Crítica express: Brokeback mountain / Hécuba / Nippon-koku

-Brokeback mountain: y una vez más vuelve un estreno mundial al teatro Real (el año pasado tuvimos el de “The perfect american” sobre la figura de Walt Disney que vamos a ver ya en cine); algo siempre magnífico, pues siempre es algo excepcional y emocionante, que nos hace ver que el género de la ópera no está muerto (aunque viendo muchas óperas contemporáneas, uno no deja de preguntarse si no lo estarán asesinando a traición… por otra parte, hay que reconocer, que, al igual que otros muchos artes clásicos -pintura o escultura, por poner otros casos- no está en su mejor forma, y demasiado a menudo parece que está más con respiración artificial que otra cosa); a lo que nunca podremos dejar de dar las gracias a Gerard Mortier, que con este tipo de encargos pone al coliseo madrileño en el mapa musical internacional.
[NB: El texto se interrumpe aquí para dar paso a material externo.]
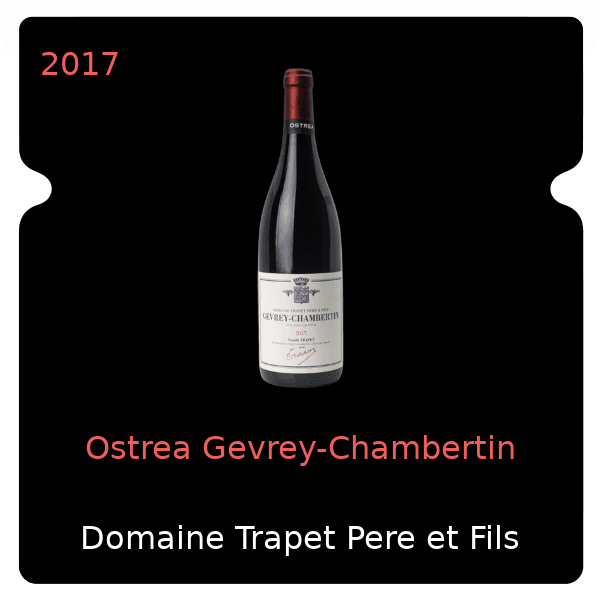 Trapet Pere et Fils Ostrea Gevrey-Chambertin 2017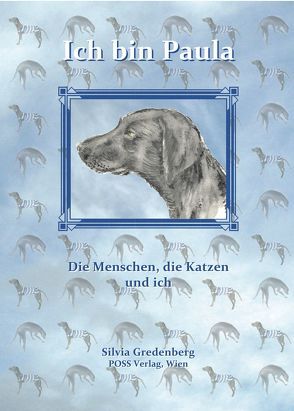 Ich bin Paula von Gredenberg,  Silvia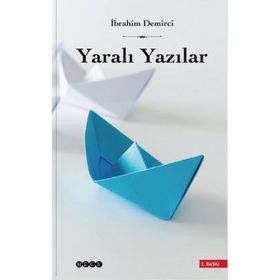 YARALI YAZILAR - İBRAHİM DEMIRCI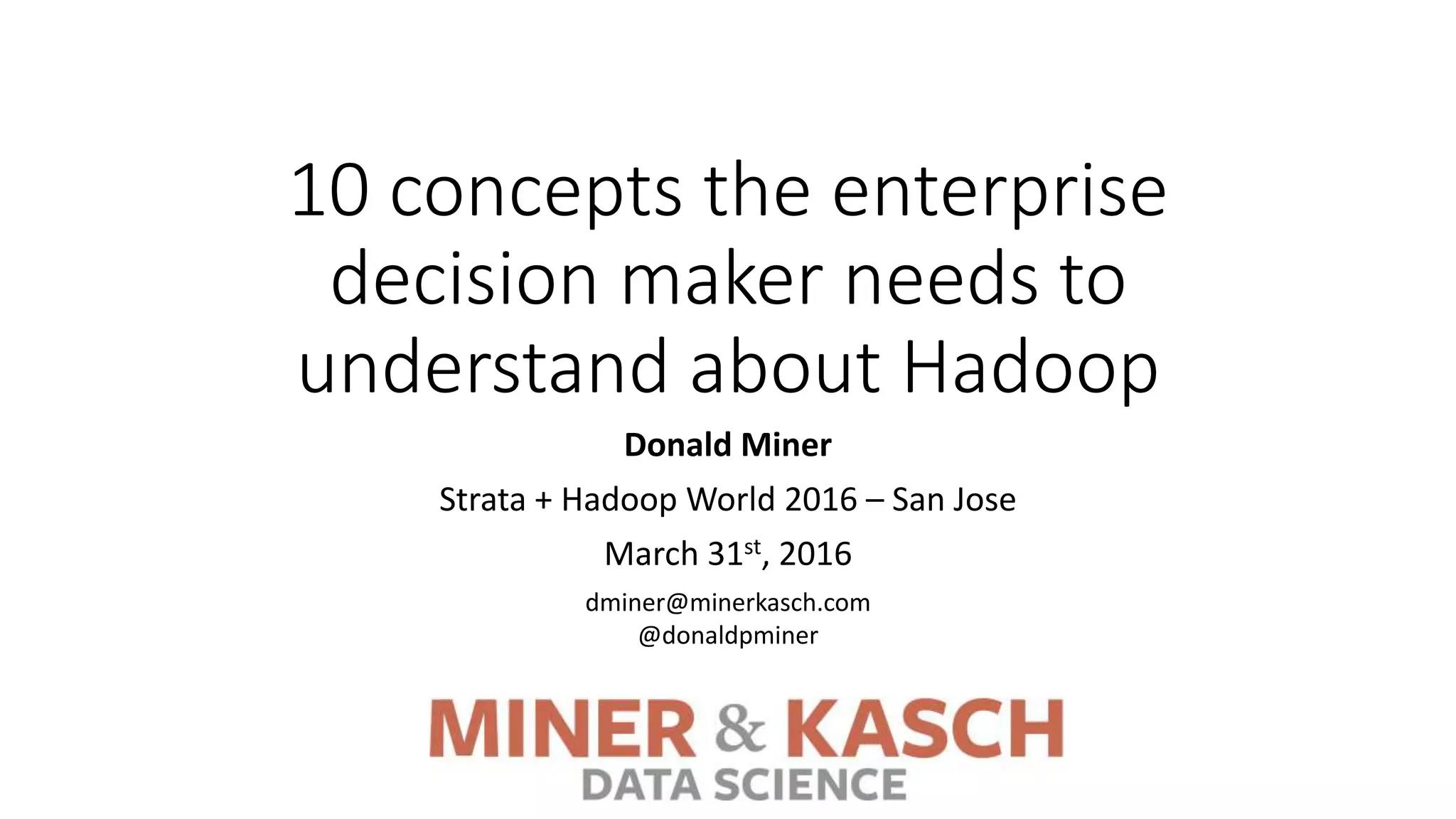 10 concepts the enterprise
decision maker needs to
understand about Hadoop
Donald Miner
Strata + Hadoop World 2016 – San Jose
March 31st, 2016
dminer@minerkasch.com
@donaldpminer
 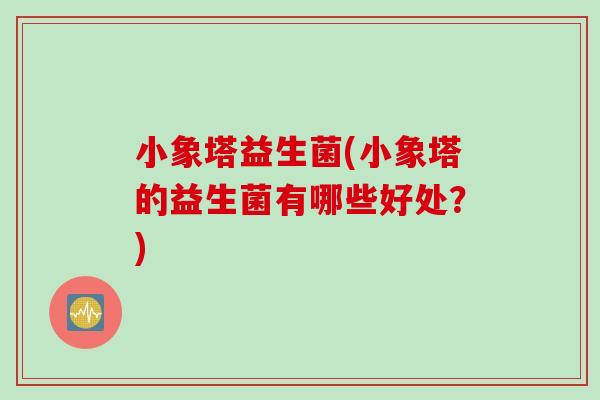 小象塔益生菌(小象塔的益生菌有哪些好处？)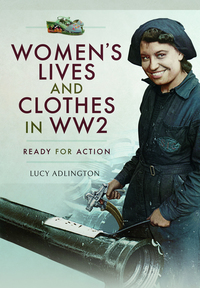 Book Cover for Women's Lives and Clothes in WW2 by Lucy Adlington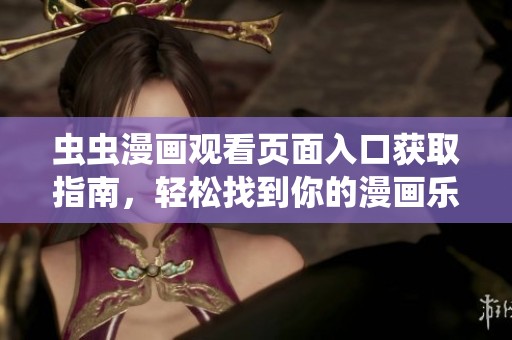 虫虫漫画观看页面入口获取指南，轻松找到你的漫画乐园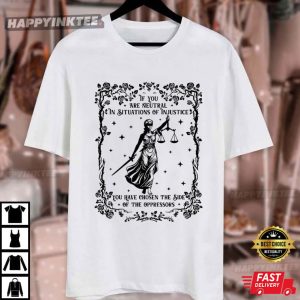 If You Are Neutral In Situations Liberal Feminist Social Justice T (1)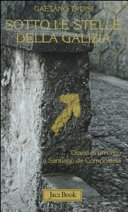 Copertina  Sotto le stelle della Galizia : Diario di un laico a Santiago de Compostela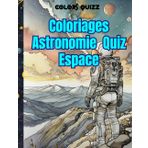 Coloriages Astronomie & Quiz Espace — 31 Illustrations à Colorier, Infos Culturelles: Découvrez l’univers à travers le coloriage, apprenez des faits fascinants sur l’espace Grand format 216 x 279 mm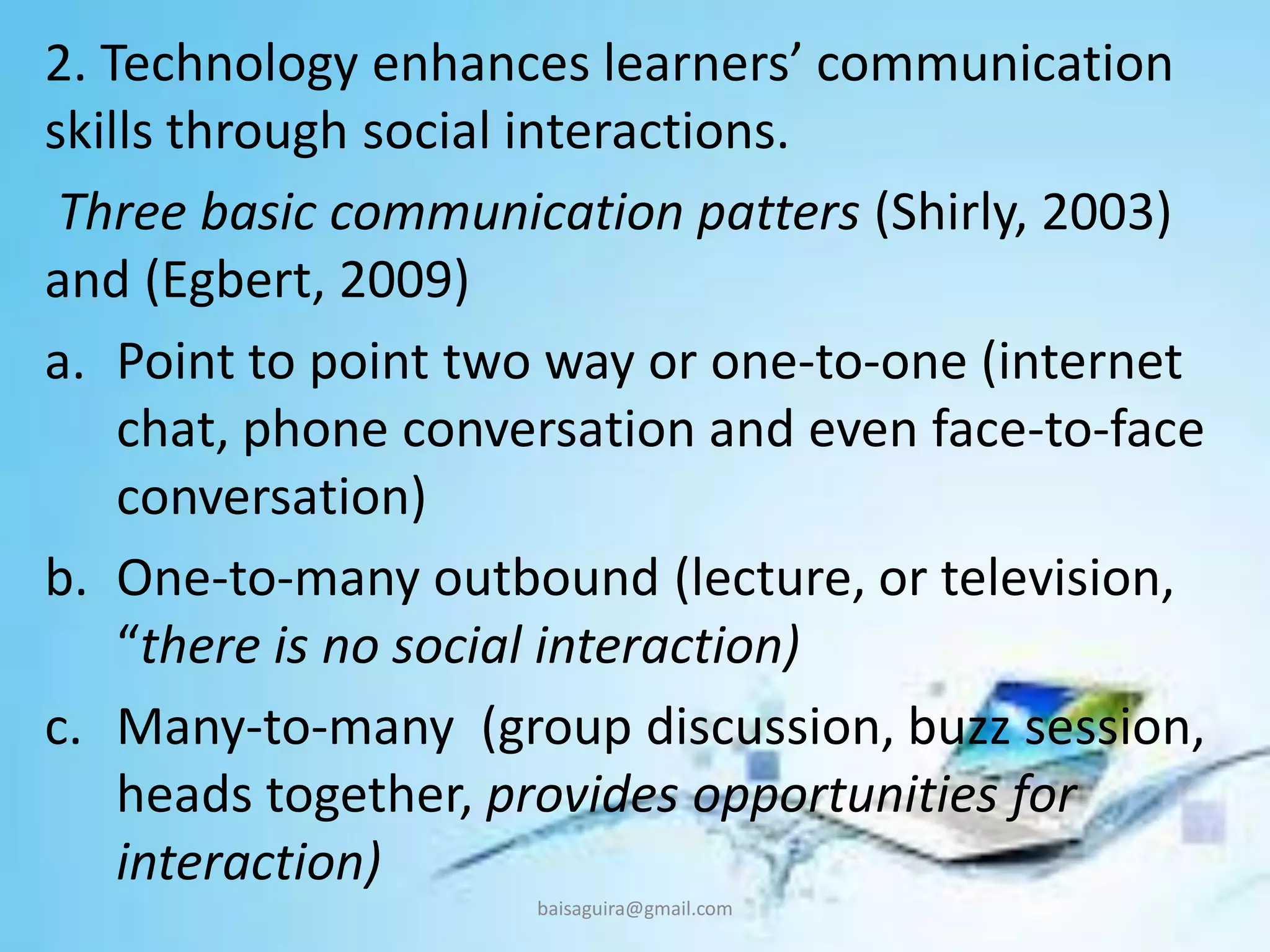 2. Technology enhances learners’ communication
skills through social interactions.
Three basic communication patters (Shirly, 2003)
and (Egbert, 2009)
a. Point to point two way or one-to-one (internet
chat, phone conversation and even face-to-face
conversation)
b. One-to-many outbound (lecture, or television,
“there is no social interaction)
c. Many-to-many (group discussion, buzz session,
heads together, provides opportunities for
interaction)
baisaguira@gmail.com
 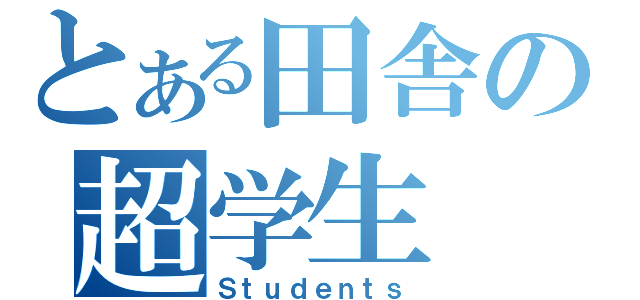 とある田舎の超学生（Ｓｔｕｄｅｎｔｓ）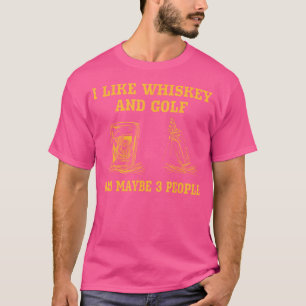 Camiseta Eu Gosto de Uísque E Golfe E Talvez 3 Pessoas Vint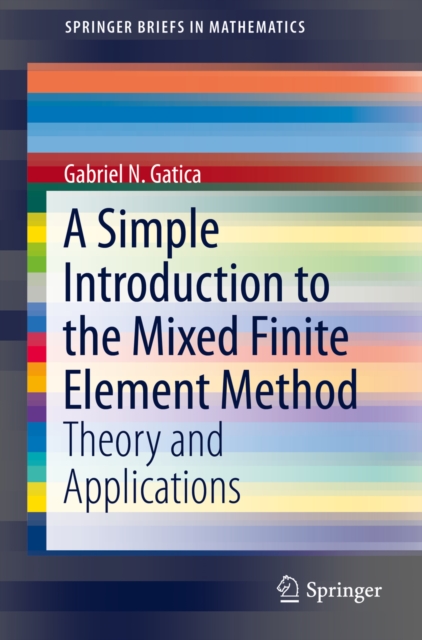 Simple Introduction to the Mixed Finite Element Method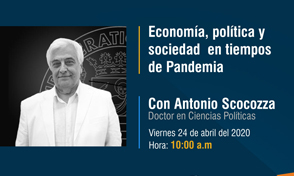 Conversatorio: Economía, política y sociedad en tiempos de Pandemia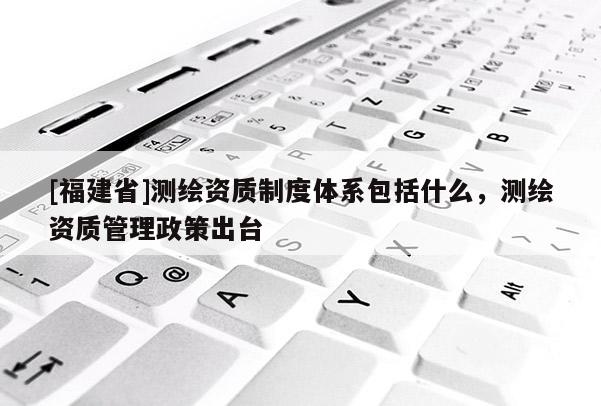[福建省]測繪資質制度體系包括什么，測繪資質管理政策出臺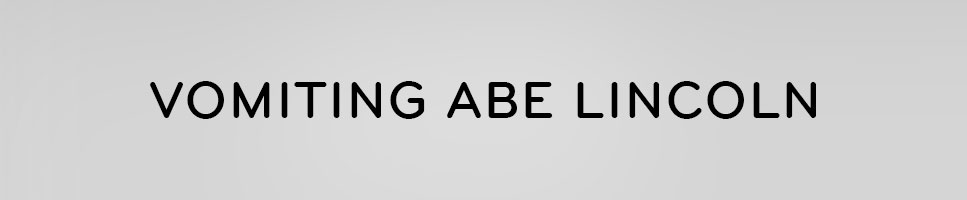 Vomiting Abe Lincoln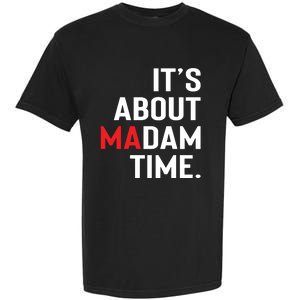 ItS About Madam Time Garment-Dyed Heavyweight T-Shirt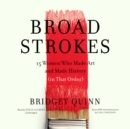 Broad Strokes - eAudiobook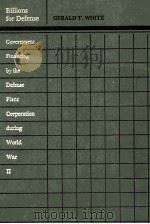 BILLIONS FOR DEFENSE GOVERNMENT FINANCING BY THE DEFENSE PLANT CORPORATION DURING WORLD WAR 2（1979 PDF版）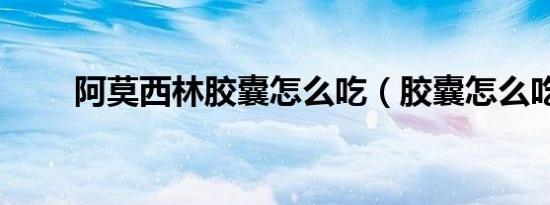 阿莫西林胶囊怎么吃（胶囊怎么吃）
Otra cosa es que nos guste lo que vemos, sí, eso es algo muy distinto, de hecho, esta temporada se están notando mucho las ausencias, y parece que se ha pasado de los “abucheos organizados” que decía Mortier, a los desplantes en masa; un teatro medio vacío (algo que no es la primera vez que pasa en esta temporada) demostraba el escaso interés del público hacia algo tan excepcional como este estreno (y el público que había, se notaba que era de clara tendencia progresista… sin mencionar lo que había descendido el nivel de elegancia de los asistentes, gente vestida normalmente y sin trajes o ropa distinguida, no parecía el Real, sino otro teatro cualquiera), que además contaba con un polémico precedente cinematográfico y que, por supuesto, prometía ser un nuevo escándalo del Real (¿no la han programado por eso acaso?).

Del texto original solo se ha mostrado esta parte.